Another thing I felt that I knew what I wanted to have, or not have, was one of these new single wall tents, especially the ones that are held up with the hiking poles to save weight. I figured there was a limit to what I was willing to do to save weight, and I wanted my free-standing conventional tent. I just would get the lightest weight one I could find. On this hike we used Stumpknocker's single wall tent (that uses his hiking poles...). He loves his tent. Won't even discuss the pros and cons of other tents, it is a conversation that doesn't interest him. Did I mention he loves this tent? After using the tent, I have to admit that it had plenty of room for 2 people, even with one of them being 6'5" (not me). It was sturdy even in the storm. The kicker for me was as he was breaking camp. He just folded the tent up and it went into this smallish pouch that would fit into one of my side pockets and leave room for a water bottle. Sigh. Ok, so I'm reconsidering this single wall tent thing.
His alcohol stove worked fine. It seemed to be a diifferent design than the one I want to make, but it looked home made. So, I think that will work for me, just gotta actually make the stove. He showed me his headlamp, which was a Petzel (I think) that was small and seemed to have a retractable headband and fit in the palm of his hand. I will be on the look out for that model. I can see that if I keep those kinds of things small and light it makes everything else easier. And, I might even remember to take it along.
Stumpknocker spent some time tellng me that I had everything with me I would have NEEDED. My tent was back at his RV so had I been hiking alone I would have had it, I could get by without a flashlight, the mug and a stove (he doesn't pack his stove on distance hikes), and that I had done fine.

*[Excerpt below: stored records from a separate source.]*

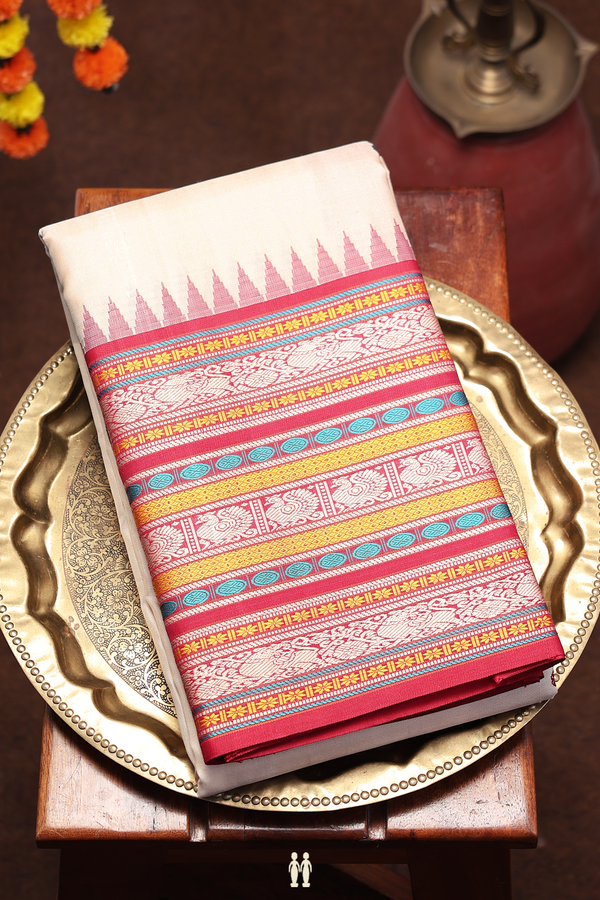 Kanchipuram Silk Saree In Ivory With Floral Buttas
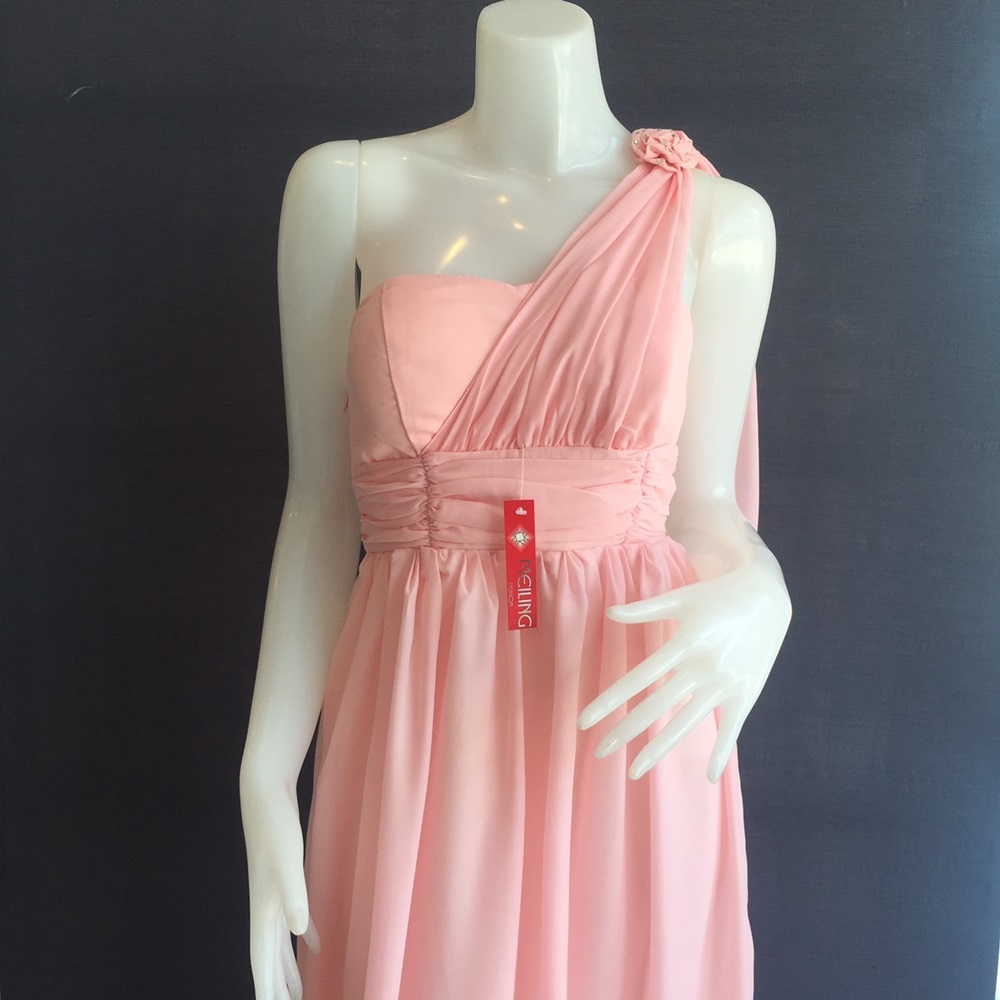 พร้อมส่ง ชุดเดรสยาว เกาะอก ไหล่เดียว จับสม๊อกด้านหลัง สีชมพู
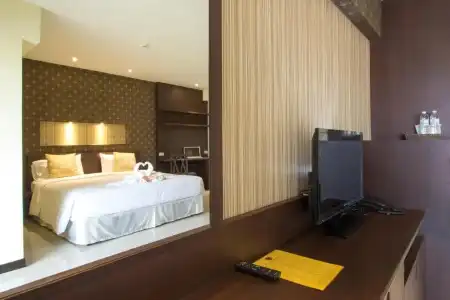 Chateau de Sukhumvit - 77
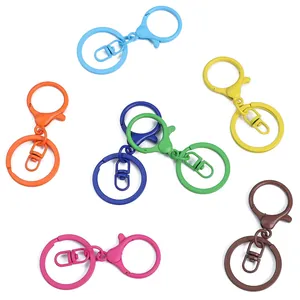 Détail de sept fermoirs mousquetons colorés et anneaux de clés pour la création de bijoux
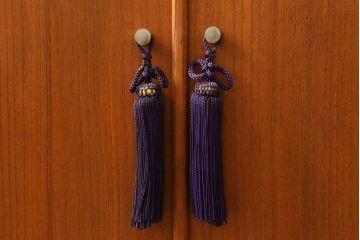 桐箪笥をローボードにリメイク!新たに棚板を追加し、底板を補強。天板と脚の取り付け。ステイン塗料仕上げ。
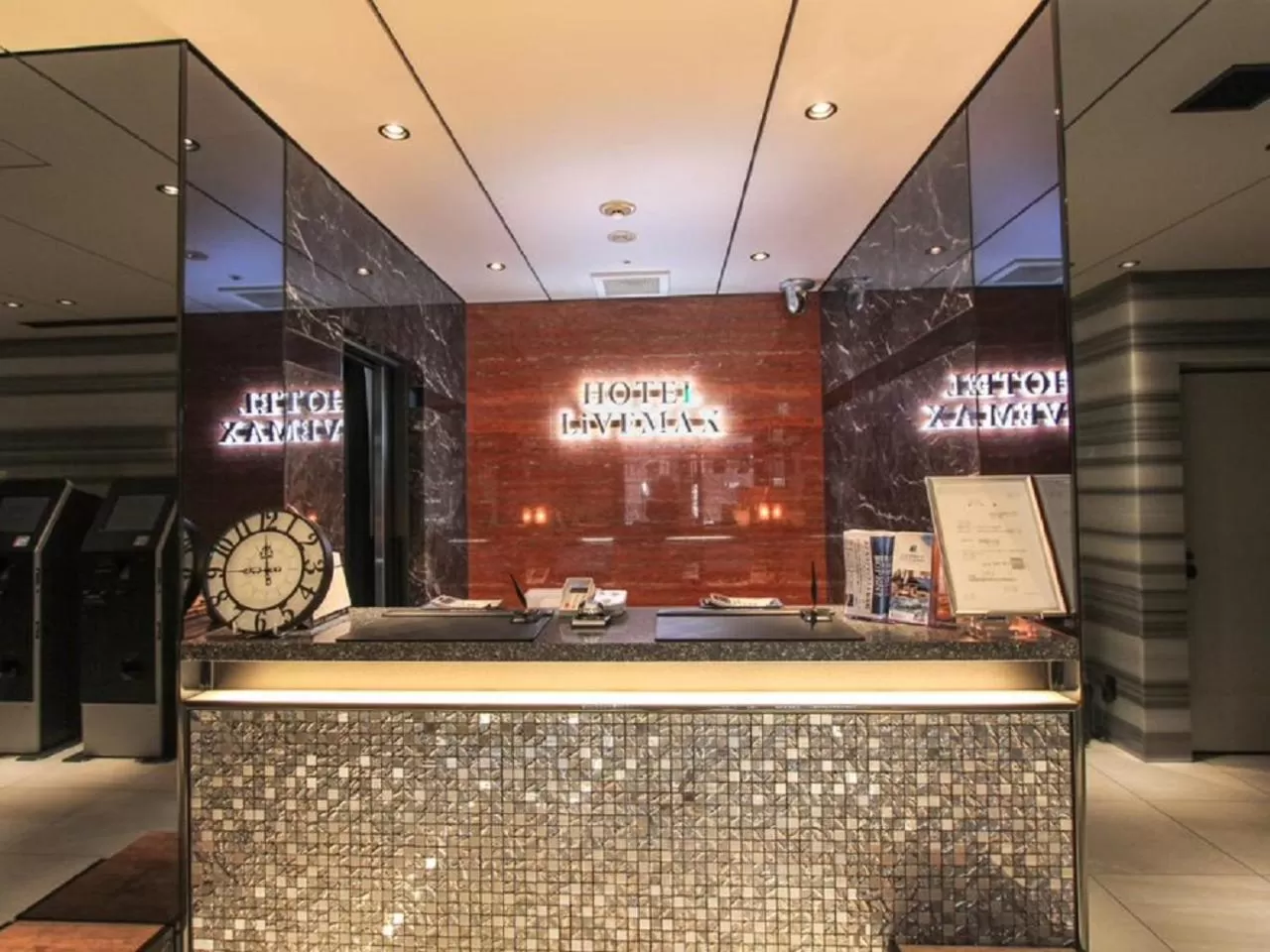 Lobby or reception in HOTEL LiVEMAX Osaka Honmachi
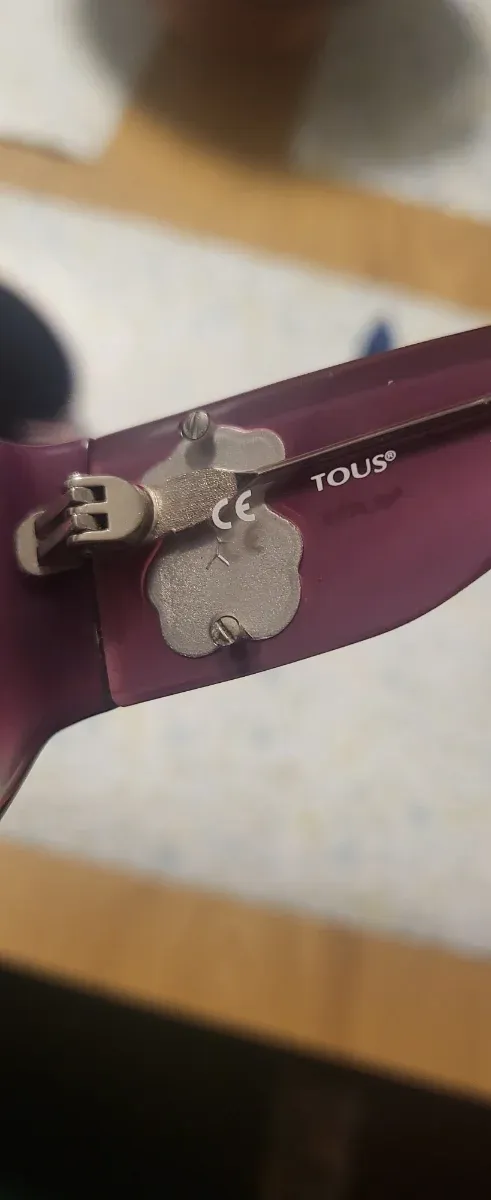 Gafas de sol Tous Moradas con funda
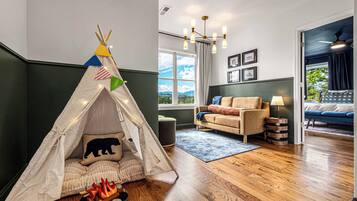 6 bedrooms, desk, iron/ironing board, travel crib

As we came off the trail at the visitor's center and were walkng down the parking lot to the truck with our packs, Stumpknocker perked up and pointed to a guy walking out of the picnic shelter ahead. "Look! See what he has? A bucket of FRIED CHICKEN!" Stumpknocker has a thing for fried chicken. Luckily for the guy, he had his leftover chicken safely locked into his RV before we got down there. We dumped our packs into the back of Stumpknocker's truck and walked back to the visitor's center. I hit the restroom while he checked us out from the overnight parking. I was walking better without the pack, but still wobbly. As we passed the RV, he pointed to it and said "There's fried chicken in that RV." I pulled him away, and we drove up to the lodge. I didn't know what kind of food they had, but it was still open for lunch so we decided to try it. The lodge is beautiful, with a full wall of glass looking out over the valley and mountains beyond. The buffet looked wonderful, and there was fried chicken on it so that settled it. She sat us in a corner next to the wall of windows in the sun. I loaded up my plates, and the waitress kept my glass of sweet tea filled. I sucked down 4 or 5 glasses of tea since I knew I hadn't been drinking enough water while we hiked. As we finished our plates of food I moved over to the seat next to the window and kind of stretched out with my last glass of tea. Stumpknocker went back and got 2 deserts and finished them while I almost fell asleep in the sun.
Stumpknocker showed me how to do Sudoku, which I had never learned. He goes to a site in the internet. Trying to stay awake past 7 pm that evening, I was on my computer and decided to try my first sudoku puzzle. Stumpknocker was supportive, saying it took him 45 minutes his first one so I shouldn't feel badly if it went slow. I finished the puzzle in 28 minutes. For some reason, after that he jumped up to the most difficult level, Evil, to try his skill. Guess it's that alpha male thing :).